Exercise aim
Reproduce the data exactly and drop any pictures it holds.

Supplied information
+++
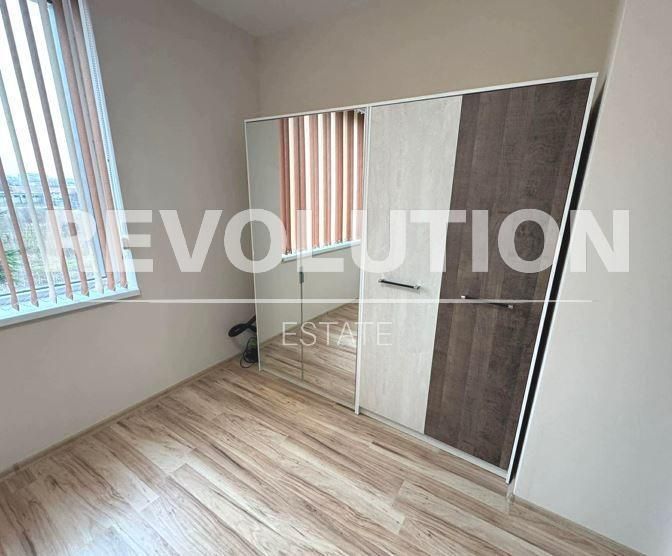 Дава се под наем Двустаен апартамент в Варна, Трошево - 65 кв.м за 648.21 € - Снимка #5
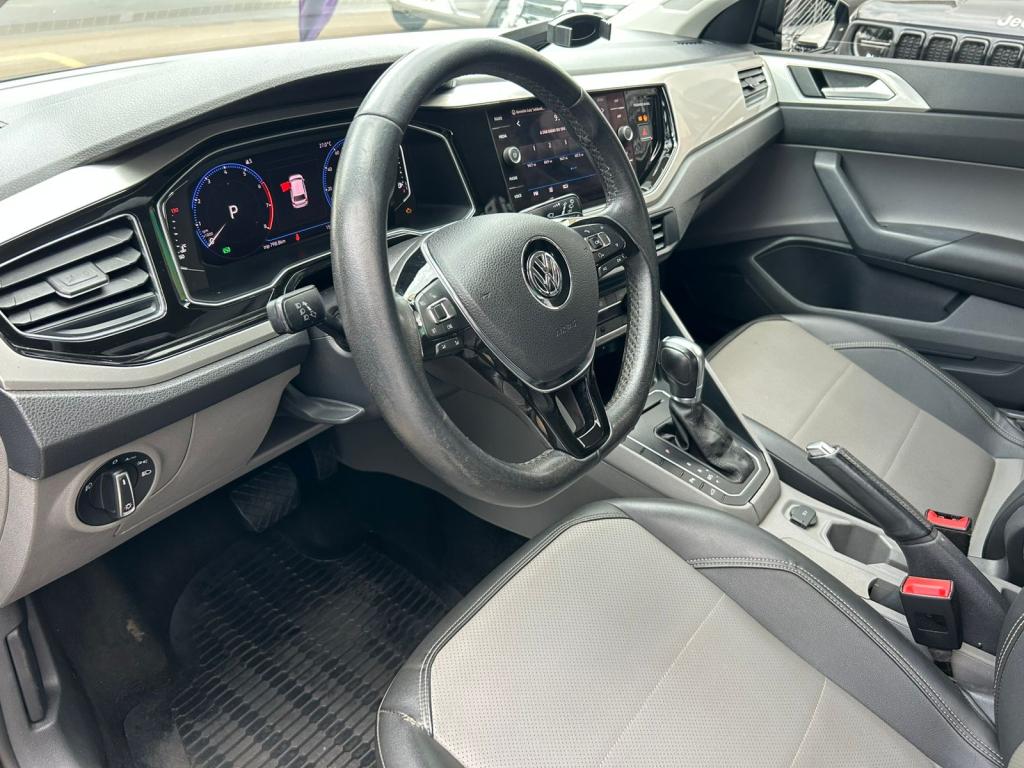 VOLKSWAGEN Polo Hatch - Foto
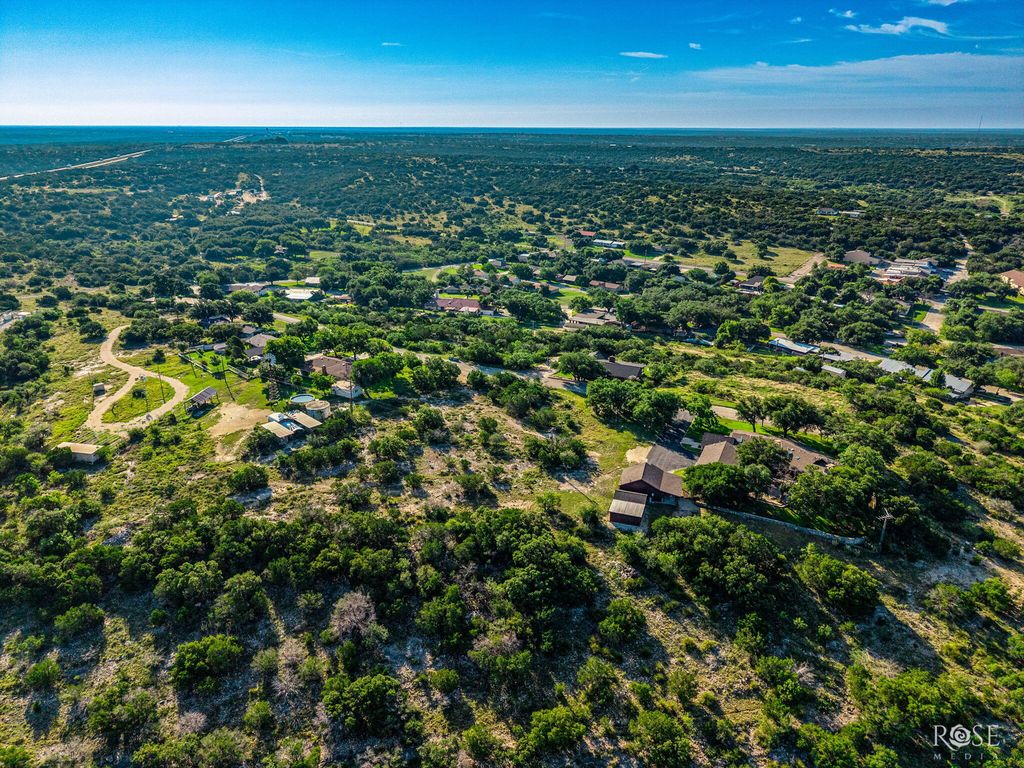 Image 9 of property listing at 207, 209, 211 Hilltop Street, Sonora, TX 76950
+++
Solution for this problem
 Дава се под наем Двустаен апартамент в Варна, Трошево - 65 кв.м за 648.21 € - Снимка #5
 VOLKSWAGEN Polo Hatch - Foto
 Image 9 of property listing at 207, 209, 211 Hilltop Street, Sonora, TX 76950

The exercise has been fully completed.